Using one crazy comeback to prove a track offered good passing
This happened as recently as Muddy Creek. It was hard to pass on that track. But I knew what was coming—if anyone dared say the track didn’t offer much passing, someone would counter with, “Well did you not see Blake Baggett pass 35 guys in the second 450 moto?”
Yeah, I saw it. But using one crazy example ends up skewing all the data. In 2004, James Stewart won 23 out of 24 motos on a 125 against 250Fs. Did that mean a 125 is faster than a 250F? Of course not.
Baggett is on an incredible level right now and can do amazing things. In Daytona this year Ryan Dungey came from a first turn crash to fourth. That doesn’t mean Daytona offered great passing, it just means Dungey is one bad mofo when he has to come through the pack and salvage points.
When deciding if a track offered good passing opportunities, be sure to look at the majority of the field, not just the one guy who did something amazing. All sports do this—I watched a NASCAR race yesterday and saw snark on Twitter when drivers said it was hard to pass, followed by the inevitable “But Kyle Larson just passed everyone!” Got it. But no one else was in a car as good as Larson’s at that point.
Look, when a dude like Baggett is so fast that he can use the bad lines in every corner and still get around some of the best riders in the world, the track doesn’t even matter. If you were to line up against him on a track in your backyard, he’d pass you, but that doesn’t mean the track offered plenty of room. In the case of Baggett at Muddy Creek or Dungey at Daytona, the comeback requires somehow magically being 15 percent faster than everyone else on the track, which is extremely difficult at the highest level. It’s better offense overcoming good defense. I’d rather look at what happened with 39 other guys than just one.

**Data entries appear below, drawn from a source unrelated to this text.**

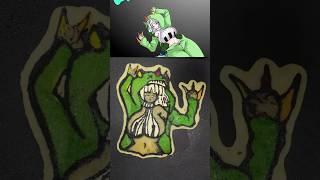 PIANOSAURUS ANIME PANCAKE ART CHALLENGE #파피플레이타임챕터4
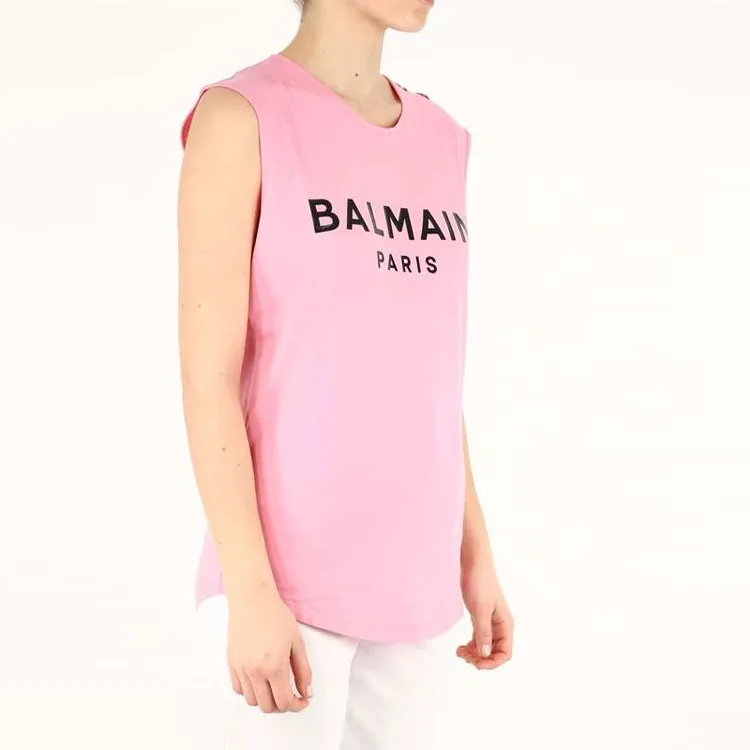 BALMAIN T-Shirts Women's Pink-5
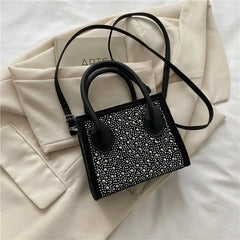 Retro Women's Casual Handbag Shoulder Messenger Bag Small Square Bag
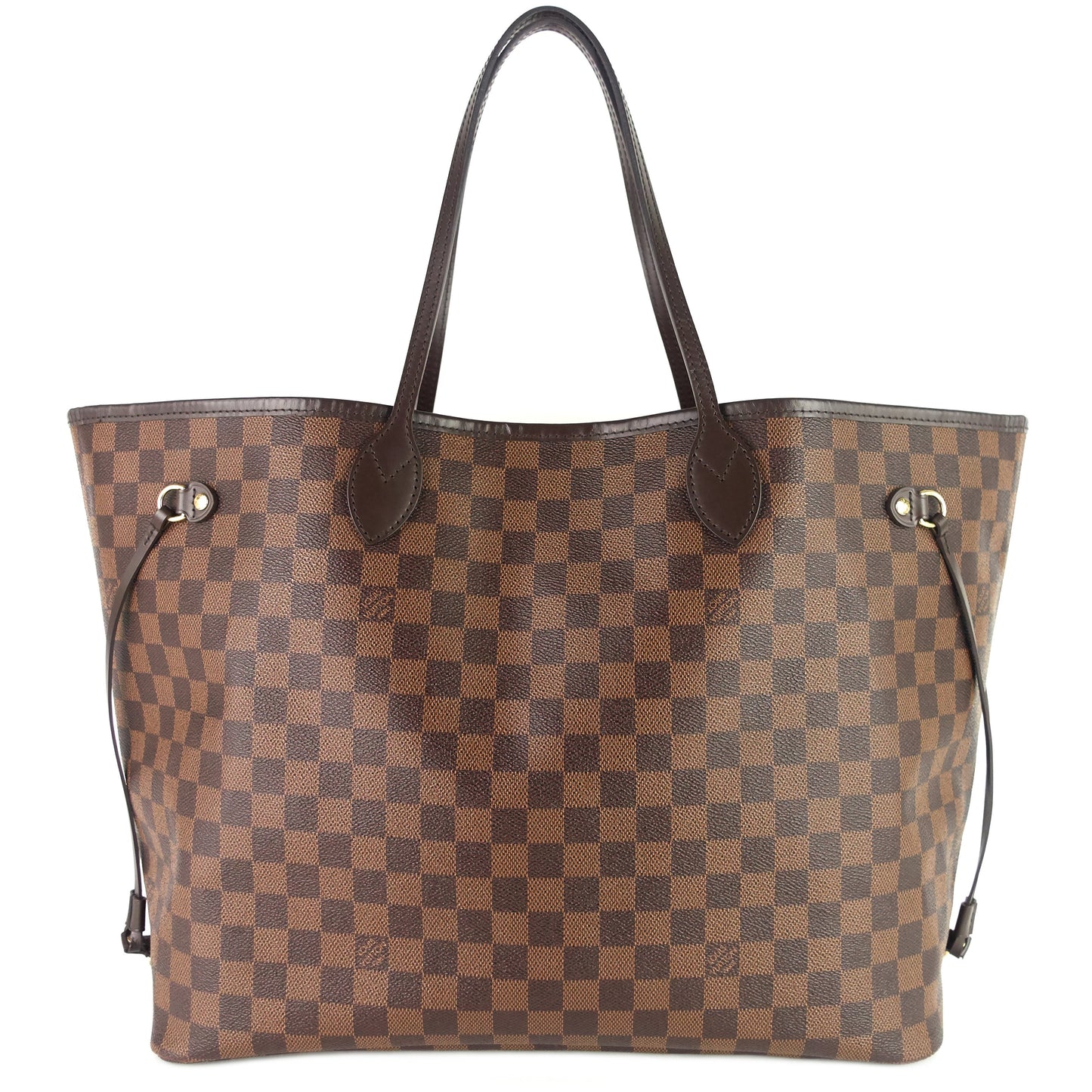 Louis Vuitto Neverfull GM Damier Ebene Canvas Tote Bag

Counting points before the races are run
When Ryan Dungey won the Atlanta supercross, it was said that he “controlled his own destiny” because all he had to do was finish second at the final nine (!) rounds of Monster Energy Supercross to win the title, even if Eli Tomac won the rest of the races. Eli could only make up 27 points by winning out if Dungey finished second…. Okay, never, ever, EVER assume someone is going to win the rest, and someone else is “just” going to finish second each time. Not even Dungey, heretofore the most consistent dude ever, could pull off nine-straight seconds, he was fourth two weeks later in that Daytona race. Tomac didn’t win nine in a row, either. Racing seems fairly predictable from week to week, but it’s never nine-weeks-in-a-row predictable.
In 2010, Trey Canard was closing down on Christophe Pourcel in the 250 Nationals, but entered the season finale seven points behind. “All Pourcel has to do is go 2-2 to beat Canard for the title by one point.”

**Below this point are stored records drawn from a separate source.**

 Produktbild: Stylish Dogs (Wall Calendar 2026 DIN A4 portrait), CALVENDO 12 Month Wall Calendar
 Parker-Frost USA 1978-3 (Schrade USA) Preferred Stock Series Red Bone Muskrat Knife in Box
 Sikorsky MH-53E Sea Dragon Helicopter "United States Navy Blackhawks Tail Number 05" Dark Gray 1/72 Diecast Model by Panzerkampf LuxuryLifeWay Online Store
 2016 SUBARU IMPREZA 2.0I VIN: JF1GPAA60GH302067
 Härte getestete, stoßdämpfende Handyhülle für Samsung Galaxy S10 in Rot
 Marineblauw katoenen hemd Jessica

At the finale Canard went 4-3 and Pourcel went 31-37.
Now, there is ONE TIME where this math actually worked out, when Chad Reed won the final six 250SX races in 2003, and Ricky Carmichael indeed finished second six-straight times to hold on for the championship. But if you want to use one example as proof, please see my entry above.
These above are my big three—predicting mudders five days in advance, counting points in advance, and using one odd-ball example to prove a point that 40-some other examples can prove otherwise. I’ve got a few others, such as forgetting to say “enough” after mentioning all the sponsors that you “can’t thank,” but for the most part I’m good. Just please, please, by the time we get to Unadilla, don’t hit me up @jasonweigandt with any weather forecasts, or with genius math about Zach Osborne only having to finish second in the rest of the motos to clinch the title. Remember, that’s why they run the races.